Despite a wave of financial adversity that has tormented US onshore E&P companies lately, Rystad Energy does not view this as a harbinger of doom for the shale industry going forward.
“In a nutshell, we do not believe the recent bankruptcies that have beset a number of shale players are indicative of an industry-wide epidemic,” says Alisa Lukash, a senior analyst on Rystad Energy’s North American Shale team.
During the next seven years, the top 40 US shale oil producers are expected to spend about $100 billion on debt instalments and interest unless further debt refinancing is applied.
These drillers, which accounted for nearly half of US shale crude production in 2018, are facing interest payments of between $2.6 billion and $5.1 billion annually, while the maturities schedule totals roughly $71 billion between 2020 and 2026.
During the first half of 2019, this peer group generated $23.7 billion in cash flow from operations (CFO) while spending $28 billion on capital expenditures (capex). Overall we see more than $112 billion in outstanding debt for the considered peer group, with a combined enterprise value of $355.5 billion as of September 2019.

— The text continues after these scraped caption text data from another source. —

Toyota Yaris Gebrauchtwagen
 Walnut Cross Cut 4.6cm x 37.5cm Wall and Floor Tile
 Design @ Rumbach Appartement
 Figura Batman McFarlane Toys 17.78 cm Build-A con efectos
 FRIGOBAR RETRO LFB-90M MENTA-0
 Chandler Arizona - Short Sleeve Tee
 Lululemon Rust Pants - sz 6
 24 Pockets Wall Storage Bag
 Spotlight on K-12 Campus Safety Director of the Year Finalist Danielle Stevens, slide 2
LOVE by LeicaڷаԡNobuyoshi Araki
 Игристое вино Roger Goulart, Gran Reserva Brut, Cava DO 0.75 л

“These numbers indicate a lack of financing to deal with the burden of the obligations. Given the low levels of external capital additions during the past 10 months, the probability of debt refinancing in the coming quarters seems relatively slim,” Lukash noted.
Rystad Energy expects further acreage restructuring and M&A activity in the industry, but emphasizes that many operators have managed to combine production growth with balanced spending and debt reductions.
“One should be careful about extrapolating on the basis of a few distressed companies. The peer group is very diverse both in terms of acreage quality and in capital efficiency,” Lukash remarked.